Going into an offseason where the Lakers will be looking to pair James with another All-Star player, Williams’ relationships and his ability to manage elite talent should give him a nice boost over the rest of the rumored candidates, which includes former Cleveland Cavaliers head coach Tyronn Lue and Miami Heat assistant Juwan Howard.
However, as many things as Williams has working in his favor, he’s not the ideal coaching candidate for this Lakers team.
Upon arrival, Williams will be tasked with leading LeBron James and the Lakers to their first playoff berth in seven years. If he fails to meet those lofty expectations, there’s a good chance he’ll be looking for another coaching job next summer.
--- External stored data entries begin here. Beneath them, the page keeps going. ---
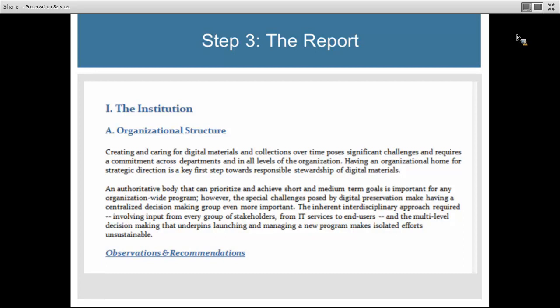Your consultant will help you think about prioritizing these interventions and identify things that are particularly high risk. Since preservation planning is an iterative task, it will be up to you to decide what needs to happen this year, in the next three years, and in the next five years. The report will help you put a roadmap together, but it itself is not a final roadmap. Your consultant is always available after delivering the report to help you translate it into a roadmap if you want to get in touch with them.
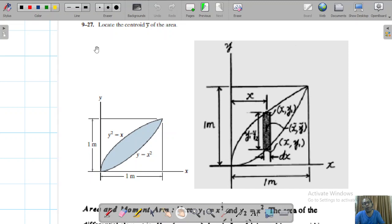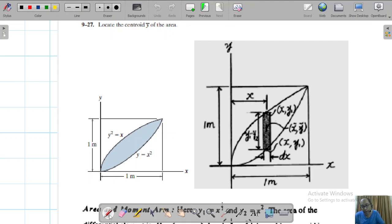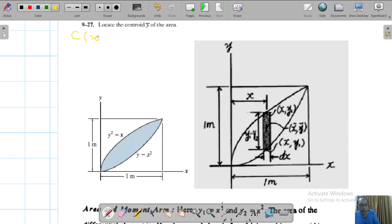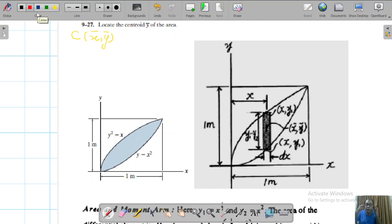Whenever you need to find the centroid of the area, you have to calculate both the centroids — it is mandatory. Because it is a planar area with two mathematical functions, you need to calculate not only x-bar but also y-bar. The centroid is given as (x-bar, y-bar). One part, x-bar, is already calculated; now we'll go for the y-bar.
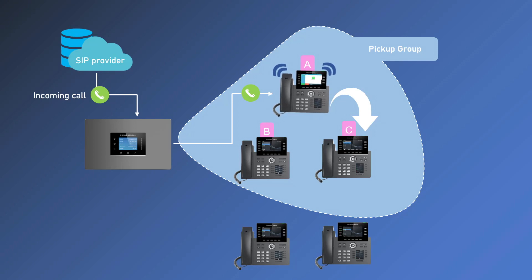This can be useful when you want to assist your colleagues, handle urgent calls, or reduce the number of missed calls. In this video we will show you how to configure pickup groups and how to use the pickup feature code.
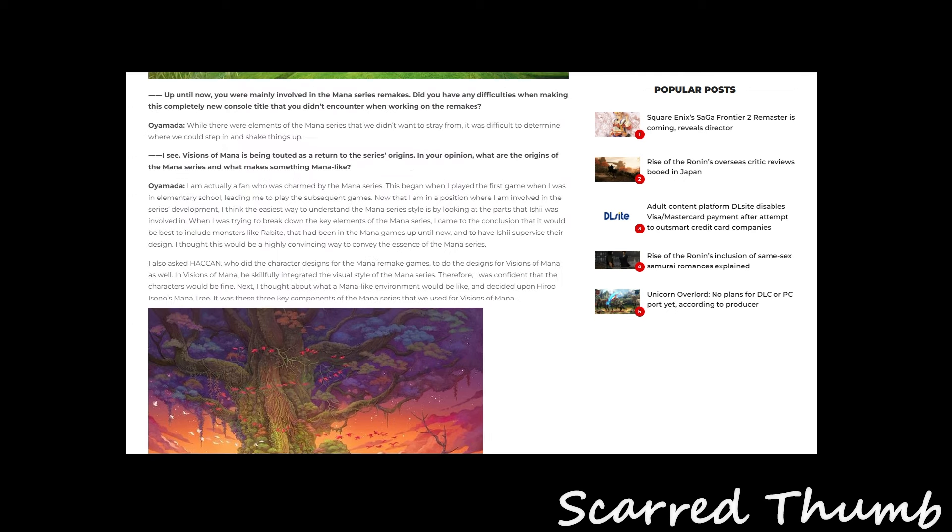I'm an actual fan who was charmed by the Mana series. I've been playing the first game when I was in elementary school. And even to play the subsequent games. Now that I'm in a position where I'm involved in the series' development, I think the easiest way to understand the Mana series' style is by looking at parts that Ishii was involved in.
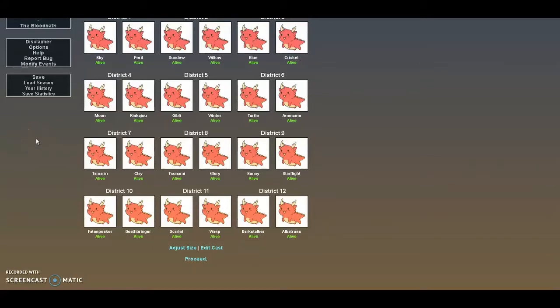Hey guys, and welcome back to my channel. It's me, Lynn, and today we are playing Wings of Fire Hunger Games. But before we get started, I do have a couple of announcements to make.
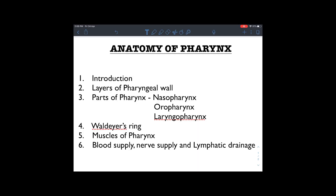Our first topic is the anatomy of the pharynx. I'll start with a basic introduction to the pharynx followed by describing its layers. Next, I'll cover the different parts of the pharynx in great detail, then Waldeyer's ring and its components — mainly the palate tonsil and the adenoids. Then the muscles of the pharynx, and lastly blood supply, nerve supply, and lymphatic drainage.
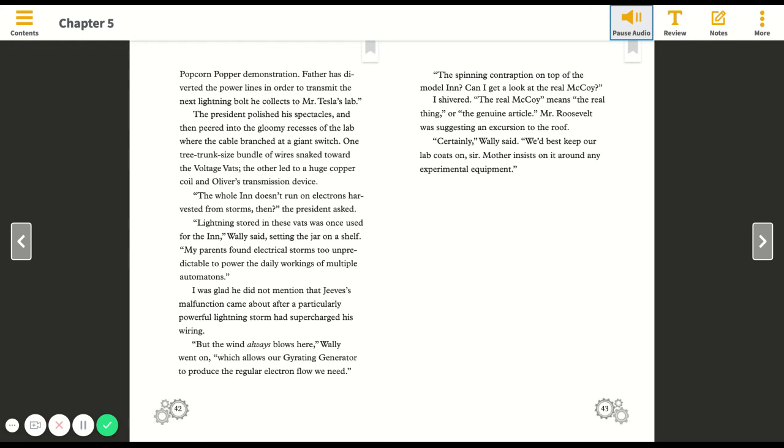But the wind always blows here, Wally went on, which allows our gyrating generator to produce the regular electron flow we need. The spinning contraption on top of the model inn. Can I get a look at the real McCoy? I shivered. The real McCoy means the real thing or the genuine article. Mr. Roosevelt was suggesting an excursion to the roof. Certainly, Wally said. We'd best keep our lab coats on, sir. Mother insists on it around any experimental equipment.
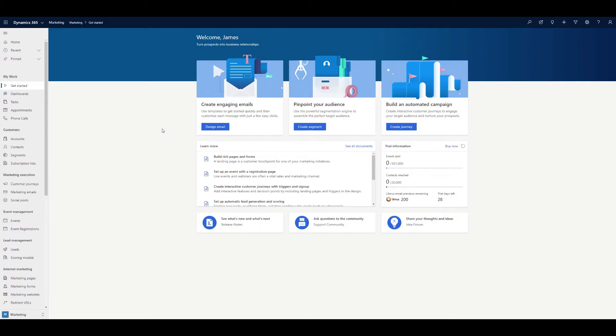Hi, this is a quick video about an update that's coming to the Dynamics Marketing app, one of the regularly requested features. It is going to be available as of the October release in 2020, that's the Wave 2 release.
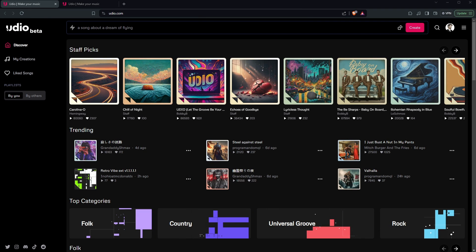So first things first, what is Udio? Udio is a tool that lets you generate music for your projects, and it's 100% free currently, at least while it's in beta. Now that being said, this is subject to change. Once they go out of beta, it might start costing money. But right now, it is free for you to generate your own music.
Williams successfully coached his teams to the playoffs twice during his time in New Orleans, but they never finished higher than the seventh seed in the Western Conference and never won a playoff series. That’s a stark contrast to Lue, who coached James and the Cavaliers to three consecutive in NBA Finals appearances in the three seasons* he was in Cleveland.
*Lue was let go six games into the 2018-19 season, which would have technically been his fourth season with the Cavs.
Granted, Williams didn’t have the talent Lue had, nor did he coach in the Eastern Conference, but the fact of the matter is that Lue has shown he knows how to win with James and Williams hasn’t had the chance to. More than anything else, winning a championship with James is what the Lakers are hoping to accomplish within the next two years, and Lue is their safest bet to get there.
That’s not to say Williams can’t coach James to a championship, but the Lakers aren’t in a position to find out whether or not Williams has grown as a head coach over the last four years with an aging James on their roster. While Williams is undoubtedly an experienced head coach, he’s not necessarily a proven one, at least compared to Lue and even Howard, who was an assistant when Miami lost in the NBA Finals in 2014.
Still, Williams has one thing going for him that Lue and Howard don’t: He’s never been the head coach of a LeBron James NBA team.
On the surface, that might sound a little silly because of how much weight James’ opinion has held with his respective teams in the past, but there’s reason to believe that the Lakers’ next head coach won’t have ties to the four-time league MVP.
During the “Woj & Lowe Playoff Special” last week, Zach Lowe of ESPN said that players and their agents have made it known that they don’t want the Lakers’ next head coach or president of basketball operations to have ties to James. This view isn’t unique to the people outside of the organization, either.
On Tuesday, Marc Stein of The New York Times reported that there are individuals within the Lakers organization that expressed concerns that hiring Lue would give James too much power.
This isn’t the first time we’ve heard whispers of the power struggle between Lakers management and James. In fact, things got so bad between Jeanie Buss and James’ camp during the Anthony Davis trade saga that the Lakers reportedly considered trading James.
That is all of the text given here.